§ Task directions
Every line in the data below has to be repeated exactly; no picture belongs in the result.
BEGIN Data to examine
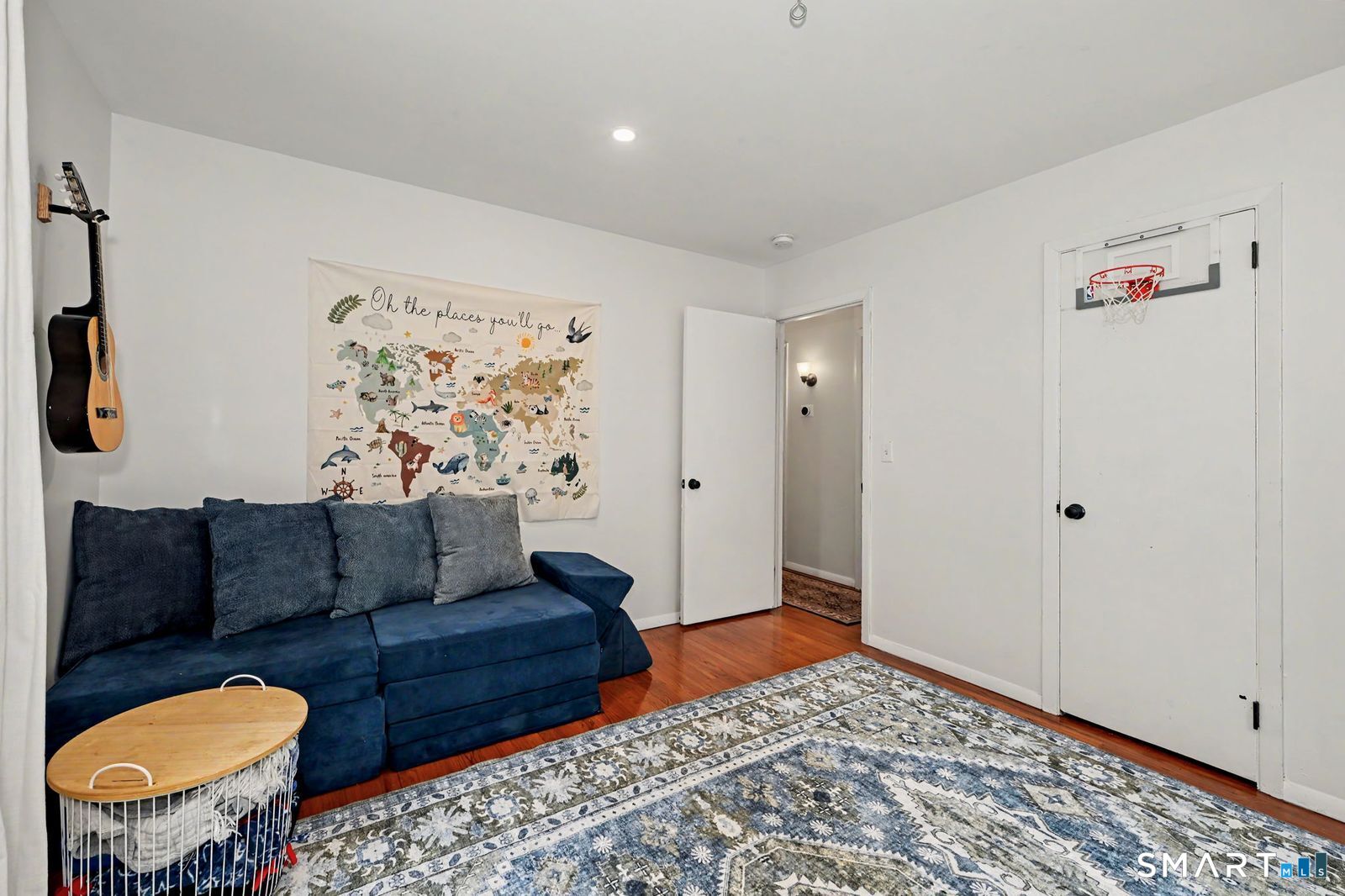 41 Ledgewood Drive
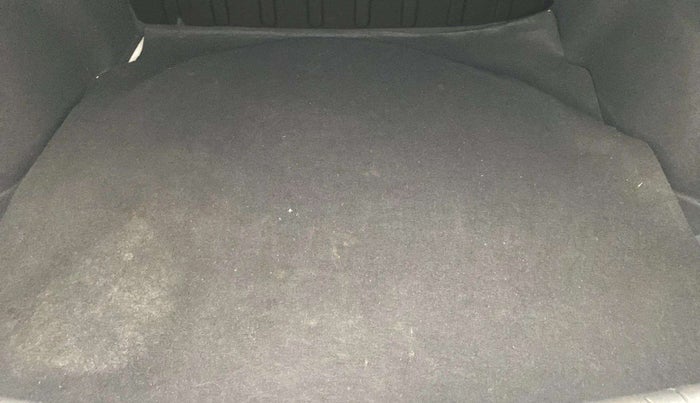 2018 Hyundai Verna 1.4 E PETROL, Petrol, Manual, 28,792 km, Boot Inside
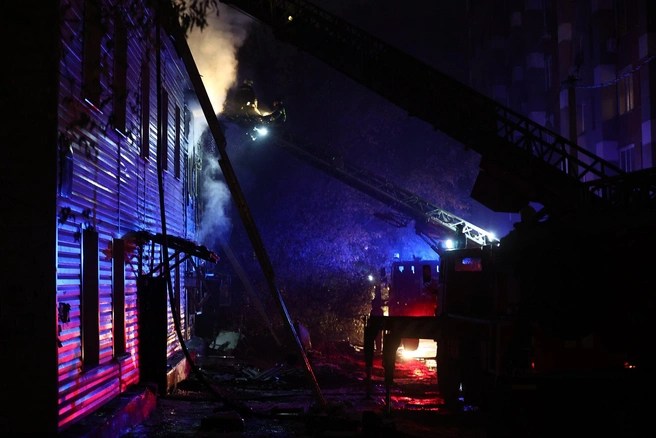 В МЧС по Новосибирской области сообщили, что открытое горение ликвидировали в 02:08 | Источник: Александр Ощепков / NGS.RU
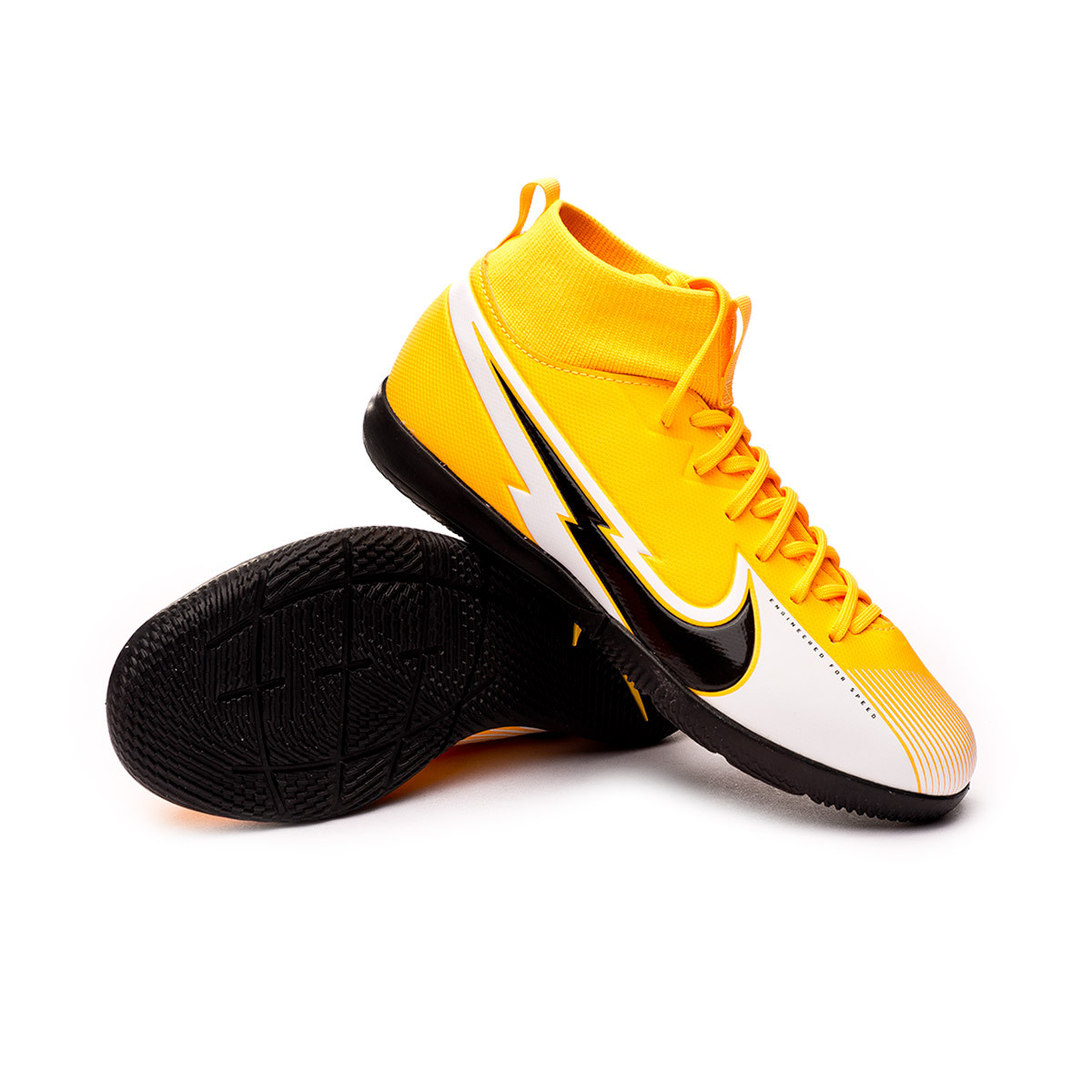 mercurial superfly 7 academy futsal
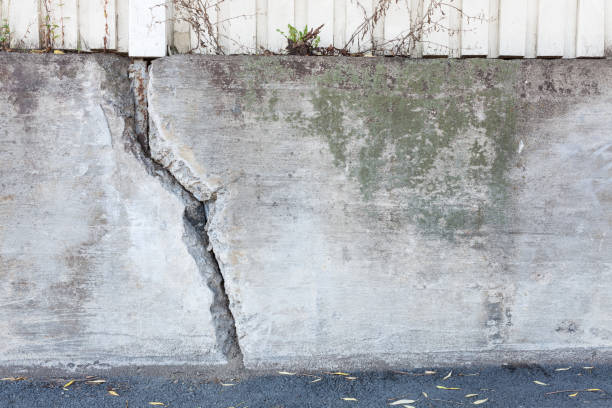 istock Big crack concrete wall outdoors 857675112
END Data to examine
§ Task result
 41 Ledgewood Drive
 2018 Hyundai Verna 1.4 E PETROL, Petrol, Manual, 28,792 km, Boot Inside
 В МЧС по Новосибирской области сообщили, что открытое горение ликвидировали в 02:08 | Источник: Александр Ощепков / NGS.RU
 mercurial superfly 7 academy futsal
 istock Big crack concrete wall outdoors 857675112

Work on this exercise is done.